Simplicity in the Modern Data Stack
We have all come to live in the Modern Data Stack, and whether we like it or not, our lives are no longer as simple as they were in the days of SQL Server and SSIS. Things have changed A LOT. There are good and bad sides to that coin. The Modern Data Stack has brought us amazing innovations and tools and made things possible that were simply unheard of before.
One of the main downsides that has seen some backlash is the complexity of some Data Platforms. One could argue that it’s the plethora of new tools all mixed and mashed together like your Grandma’s potatoes.
Sometimes, it’s just that the tools themselves become one-stop shops and, therefore, unmanageable and unusable. Either way, to be cool, smart, and hip now as a data builder, you need to find an easy and simple solution.
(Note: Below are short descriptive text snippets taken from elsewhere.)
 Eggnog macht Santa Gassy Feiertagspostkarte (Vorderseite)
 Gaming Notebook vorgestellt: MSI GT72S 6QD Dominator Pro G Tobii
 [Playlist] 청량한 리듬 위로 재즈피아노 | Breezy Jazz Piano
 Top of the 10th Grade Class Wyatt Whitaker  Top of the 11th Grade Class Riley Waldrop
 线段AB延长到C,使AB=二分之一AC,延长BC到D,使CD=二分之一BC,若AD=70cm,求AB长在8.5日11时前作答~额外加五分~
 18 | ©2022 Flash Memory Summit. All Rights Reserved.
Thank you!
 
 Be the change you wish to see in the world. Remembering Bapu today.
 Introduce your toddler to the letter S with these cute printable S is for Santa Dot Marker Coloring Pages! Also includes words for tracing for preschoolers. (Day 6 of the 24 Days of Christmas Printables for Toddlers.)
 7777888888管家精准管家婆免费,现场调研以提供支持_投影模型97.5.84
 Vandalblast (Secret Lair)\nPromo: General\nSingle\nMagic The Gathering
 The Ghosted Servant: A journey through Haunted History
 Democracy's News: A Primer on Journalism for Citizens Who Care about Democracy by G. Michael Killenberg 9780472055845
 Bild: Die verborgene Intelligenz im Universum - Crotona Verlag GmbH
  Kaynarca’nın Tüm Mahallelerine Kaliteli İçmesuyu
Simplicity in AWS Lambda, DuckDB, and Delta Lake.
I recently did a little project, to prove a point, that it is possible to accomplish things these days in a simple fashion, to get back to the old days where Snowflake and Databricks aren’t required for every single thing.
I took a normal task of …
- a CSV file landing in S3
- needing to process that file into a Lake House
Now, today, if you say Lake House than before you finish the sentence someone is spinning up a EMR, Databricks, or Snowflake cluster to burn some compute moving that tiny CSV file into the Lake House in Delta Lake or Iceberg. Not me.
I go against the grain.
No fancy infrastructure needed here, just an AWS Lambda combined with some DuckDB is more than able to do the job. File hits S3, Lambda kicks off and picks up file, inserts some data into one Delta Lake, calculate some analytics and write those metrics to another Delta Lake.
The best part about solutions like this is that you don’t have complicated infrastructure to manage and maintain. Sure, this is just a toy example, but the whole idea is to show you what is possible. That simplicity is possible, that you can think outside the box that you have been thinking in for years now.
Simple is good, it gets the job done, is usually cheaper, and requires less effort to maintain, debug, and develop.